There is nothing more frustrating than watching your community’s ping spike to 999ms or seeing your server console flooded with fake connections. If your game is lagging for no apparent reason or players can’t log in, you’ve likely been targeted.

Panic is your worst enemy. Let’s get straight to what you need to do to stabilize the situation.


1. Identify the “Noise”

Not all attacks are created equal. Before ramping up your firewall, try to understand what’s happening:

  • Volumetric Attacks (UDP Flood): The goal is simply to clog your bandwidth. Traffic spikes to extreme levels.

  • Application Attacks (Layer 7): These are subtler and focus on exhausting server processing by mimicking real player logins or actions.

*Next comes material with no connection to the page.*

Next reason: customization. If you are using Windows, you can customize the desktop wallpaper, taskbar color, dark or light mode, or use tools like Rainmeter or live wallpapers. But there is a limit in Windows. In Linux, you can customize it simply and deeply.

  • Protocol Exploits: These target specific vulnerabilities in the game engine (like Minecraft, Samp, or file server protocols).

2. The Golden Rule: Don’t filter locally

If the attack has already reached your network interface, the damage is done. Trying to block IPs via iptables or Windows Firewall during a massive attack usually consumes even more CPU.

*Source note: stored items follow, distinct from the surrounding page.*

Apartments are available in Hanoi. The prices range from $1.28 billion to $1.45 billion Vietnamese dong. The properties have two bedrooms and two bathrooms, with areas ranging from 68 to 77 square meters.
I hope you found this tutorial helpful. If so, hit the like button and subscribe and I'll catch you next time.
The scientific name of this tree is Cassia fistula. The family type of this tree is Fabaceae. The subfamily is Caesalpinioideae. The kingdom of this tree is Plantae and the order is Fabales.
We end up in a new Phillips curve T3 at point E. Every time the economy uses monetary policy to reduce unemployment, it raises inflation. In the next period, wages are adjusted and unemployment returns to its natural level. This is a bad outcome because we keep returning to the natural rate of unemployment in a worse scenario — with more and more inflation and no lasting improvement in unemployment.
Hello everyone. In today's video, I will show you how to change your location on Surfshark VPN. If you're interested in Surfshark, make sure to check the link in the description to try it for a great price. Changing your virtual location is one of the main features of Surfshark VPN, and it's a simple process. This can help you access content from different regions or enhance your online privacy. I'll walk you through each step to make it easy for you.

Real mitigation happens at the Edge. If you use providers like OVH or Path.net, ensure your edge firewall rules are configured specifically for your game’s port.

3. Emergency Checkpoint

While the attack is ongoing, follow these steps:

  1. Isolate Traffic: Close all ports that are not essential for gameplay.

  2. Check the Logs: Look for patterns. Are there repeating IPs? Identical requests?

  3. Enable Anti-DDoS Mode: If your control panel offers a “Permanent Mitigation” option, turn it on immediately.

Conclusion

Attacks are part of the online gaming ecosystem. The difference between a server that dies and one that thrives is the infrastructure. If you’re tired of “putting out fires,” it might be time to review your edge firewall rules.